Le groupe des aixois se retrouve aujourd’hui pour une randonnée au pied du village de caractère de Lurs pour admirer les tulipes précoces qui ont déjà fait l’objet de plusieurs reportages. Elles ne durent qu’un temps, alors j’ai proposé une randonnée incluant cette découverte. Nous stationnons sur le parking au bout du village et déjà, alors que nous enfilons nos chaussures, majolir achète son pain et vegalyre propose d’emblée de prendre un café avant de partir ; notre attroupement incite le bistrotier à ouvrir ; son établissement offre un belvédère sur la vallée de la Durance et les oliviers, sous un ciel tourmenté aujourd’hui ; ce paysage préservé fait l’objet d’une protection de niveau national en tant que site ‘pittoresque’, c’est à dire digne d’être peint.
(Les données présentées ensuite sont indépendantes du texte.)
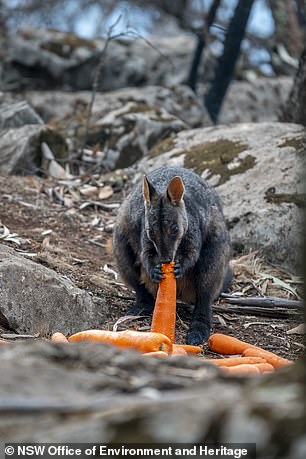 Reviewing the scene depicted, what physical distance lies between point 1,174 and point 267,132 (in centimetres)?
388

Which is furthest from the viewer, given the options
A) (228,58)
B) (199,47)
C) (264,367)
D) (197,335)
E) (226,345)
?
(199,47)

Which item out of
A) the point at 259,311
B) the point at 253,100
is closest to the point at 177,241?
the point at 259,311

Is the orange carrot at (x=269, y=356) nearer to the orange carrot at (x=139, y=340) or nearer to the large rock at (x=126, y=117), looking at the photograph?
the orange carrot at (x=139, y=340)

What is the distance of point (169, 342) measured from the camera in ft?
18.6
Quelques minutes plus tard, pleins d’énergie, nous partons pour une visite guidée du cœur du village grâce à deux d’entre nous qui le connaissent déjà : le début du chemin des évêques ponctué de 15 oratoires (1866) – Lurs fut résidence des évêques de Sisteron jusqu’en 1789 – et une partie du chemin des écritures issu d’une proposition des Rencontres Internationales de Lure. En passant devant l’affiche du moulin Masse, Claude nous signale La cascade de Monessargues sur le Lauzon près de Lurs (04) [qui] anime le plus vieux moulin à huile actif du pays depuis 1674. Son occupant refuse l’Appellation d’Origine Contrôlée pour pouvoir garder l’usage de meules en pierre, de scourtins et d’un pressoir à chapelle. Selon Les oliviers de Provence, Claude. Le détour n’est pas prévu aujourd’hui.
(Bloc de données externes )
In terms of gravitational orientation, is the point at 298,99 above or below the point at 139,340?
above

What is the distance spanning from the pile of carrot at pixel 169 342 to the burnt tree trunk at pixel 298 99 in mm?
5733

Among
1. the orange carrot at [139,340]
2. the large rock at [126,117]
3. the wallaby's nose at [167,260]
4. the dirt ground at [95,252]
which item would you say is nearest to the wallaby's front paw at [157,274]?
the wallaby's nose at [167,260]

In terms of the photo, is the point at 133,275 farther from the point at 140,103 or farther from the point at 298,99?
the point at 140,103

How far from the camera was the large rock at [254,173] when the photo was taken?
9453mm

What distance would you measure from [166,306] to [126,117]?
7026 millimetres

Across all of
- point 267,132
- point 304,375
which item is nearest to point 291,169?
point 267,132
L’album photos de Pied d’Aulun
Au sol, le fil d’Arthur : un balisage en grosses lettres incitant à les suivre et formant un mot : BLEU ou ROUGE. C’est vegalyre qui la première a décodé la séquence, terminée par le signe ‘infini’ sur fond sombre.
Au fil des étroites ruelles, nous passons sous les portes du village, notant que la cloche du portail marque toujours les heures ; rehaussé en 1861, il est doté d’une horloge et d’un campanile en forme de cloche. Sous une arche abritée, le banc des fainéants attendaient les journaliers qui souhaitaient être embauchés pour la journée par les agriculteurs.
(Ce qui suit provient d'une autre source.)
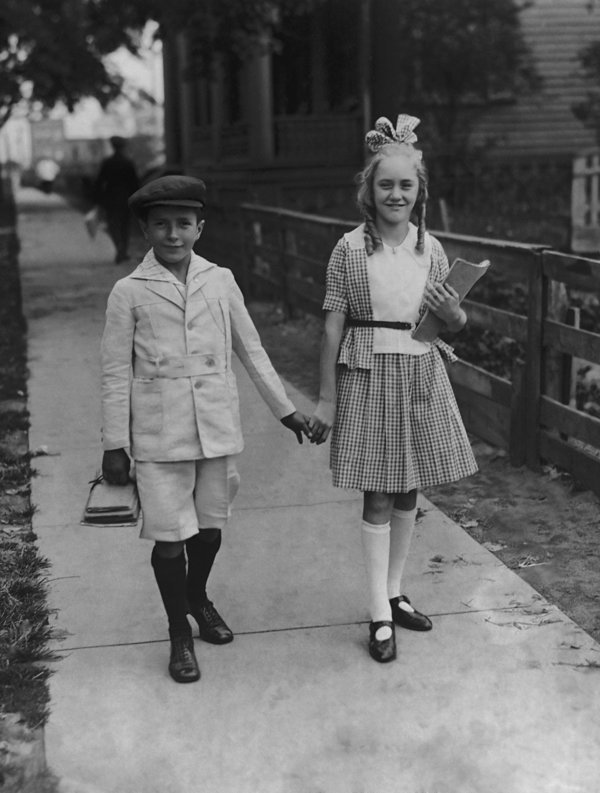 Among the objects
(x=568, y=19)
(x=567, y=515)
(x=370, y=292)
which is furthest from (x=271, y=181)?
(x=370, y=292)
L’ancien château épiscopal bâti sur les vestiges d’une forteresse carolingienne, a été maintes fois remanié : il reste près du chemin des évêques la tour ronde du XIIIe qui raccordait le château à son enceinte. Depuis la rue du Barri, la vue s’étend sur les prés où des moutons s’éparpillent donnant l’impression d’un tissu vert à points blancs ; un pigeonnier au pied du village et quelques maisons isolées près desquelles nous passerons au retour.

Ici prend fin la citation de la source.